I have played Civ IV for three years, ONLY for culture victory and ONLY with Gandhi ! Tried others but never pursued seriously. I was able to win consistently at monarch.

For this reason, I went through this thread very carefully. I do not have the game yet but played the demo to get a feel of Civ V.

Some news here are truly great for me:

1. Gandhi seems to be one of the, if not THE best civ for culture victory.

2. Still better, with Gandhi, you need max 3 cities for culture victory. Not that you need, you SHOULD have 3 huge cities and no more. This because I ALWAYS struggled in Civ IV with getting boxed in by other civs. The main struggle for me was to get at least 8 cities on standard map so I could get enough temples for enough cathedrals in the three main cities.

Looks like in Civ V I am going to be relieved of this need to quickly churn out settlers, send them out with warriors and found cities and then quickly build courthouses to keep the economy's head above the water.

I would always have far preferred smaller and huge cities. Many times in Civ IV I found myself wishing I could do it. I get that in Civ V now.

3. While I will miss fast worker, military UU is also not bad. So often in Civ IV I would get attacked because of being weaker militarily. Hopefully in Civ V, elephants will discourage early attacks from aggressive civs.

4. While it is still Civ, I can see the vastly changed game mechanisms so while the format is civ like, it is not really a souped up version of Civ IV but a new game itself within the basic format. One great thing about Civ is it's slow and ever rising learning curve. I can see I will get that in Civ V too.

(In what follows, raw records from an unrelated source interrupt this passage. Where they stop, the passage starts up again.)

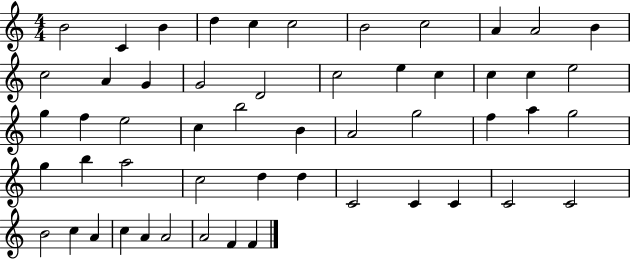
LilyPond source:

{
  \clef treble
  \numericTimeSignature
  \time 4/4
  \key c \major
  b'2 c'4 b'4 | d''4 c''4 c''2 | b'2 c''2 | a'4 a'2 b'4 | \break c''2 a'4 g'4 | g'2 d'2 | c''2 e''4 c''4 | c''4 c''4 e''2 | \break g''4 f''4 e''2 | c''4 b''2 b'4 | a'2 g''2 | f''4 a''4 g''2 | \break g''4 b''4 a''2 | c''2 d''4 d''4 | c'2 c'4 c'4 | c'2 c'2 | \break b'2 c''4 a'4 | c''4 a'4 a'2 | a'2 f'4 f'4 | \bar "|."
}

What I still hate (playing demo) is the color scheme in the interface. I wish the icons were better contrasted like in Civ IV (I am slightly color blind too) and the game (as it appears reading the posts) would be perfect for me.

Hopefully by the time I purchase it, that issue would have been addressed.

Sanjay
 
Hey Hey Hey, what about Polynesia on a island map?
 
I like to use Gandhi or Ramesses.

Although most of the time, I find I can win diplo anyway by the time I finish 5 policies.